S.H. : Lorsque j’ai commencé à travailler sur ce sujet en 2022, je croyais fermement en la campagne pour un embargo militaire, mais je pensais que ce serait probablement le dernier volet du BDS à aboutir, car on ne voit pas comment un citoyen individuel peut exercer un boycott dans ce domaine. Je m’attendais d’abord à des campagnes de boycott contre les entreprises de biens de consommation, puis à des campagnes de désinvestissement, et enfin, avec le renforcement des sanctions, à un embargo militaire.
Je me projetais donc sur le long terme. Mais lorsque Israël a commencé le génocide, je me suis retrouvé face à des ministres de différents gouvernements, leur expliquant qu’il était illégal pour leur pays de commercer des armes avec Israël. Ils étaient mal à l’aise et n’avaient d’autre choix que de reconnaître ce fait.
Ils se sont donc retrouvés dans une situation très délicate, et de nombreux gouvernements ont pris des mesures. Insuffisamment et trop lentement – nous pouvons et devons toujours exiger davantage – mais la rapidité avec laquelle les embargos militaires se sont multipliés dans différents pays, notamment dans les pays du Sud mais aussi en Europe, est tout simplement stupéfiante.
Et c’est sans commune mesure avec d’autres cas de génocide. Certes, la plupart des pays du monde se souciaient peu de leurs relations avec le régime rwandais et ont donc respecté le droit international en imposant un embargo militaire. Mais certains pays, comme Israël, ont violé cet embargo sans être sanctionnés. Or, aujourd’hui, dans les pays qui n’ont pas imposé d’embargo militaire, des dockers déclarent : « Dans ce cas, nous avons l’obligation légale et morale de ne pas charger d’armes sur les navires.»
Et les États-Unis, principal fournisseur d’armes à Israël – et, bien sûr, les plus complices et les plus intéressés par la prolongation du génocide – rencontrent toujours un grave problème logistique, car les armes doivent souvent transiter par l’Europe pour arriver en Israël. Techniquement, il n’existe pas d’autre solution. De ce fait, même les transferts d’armes américains à Israël sont impactés.
+972 : Comment envisagez-vous l’évolution de l’économie israélienne dans les années à venir ?

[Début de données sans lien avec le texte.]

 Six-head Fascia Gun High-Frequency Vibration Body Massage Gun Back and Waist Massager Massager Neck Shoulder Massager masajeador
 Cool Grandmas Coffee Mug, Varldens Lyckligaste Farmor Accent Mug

Si je savais prédire l’évolution économique, je serais très riche. Mais je pense qu’il faudra être attentif en fin d’année, lorsque le ministère des Finances publiera son rapport sur les dépenses réelles du gouvernement pour la guerre, comparées aux engagements pris dans le budget 2025. Je m’attends à ce que de nombreux investisseurs et institutions internationaux perdent confiance.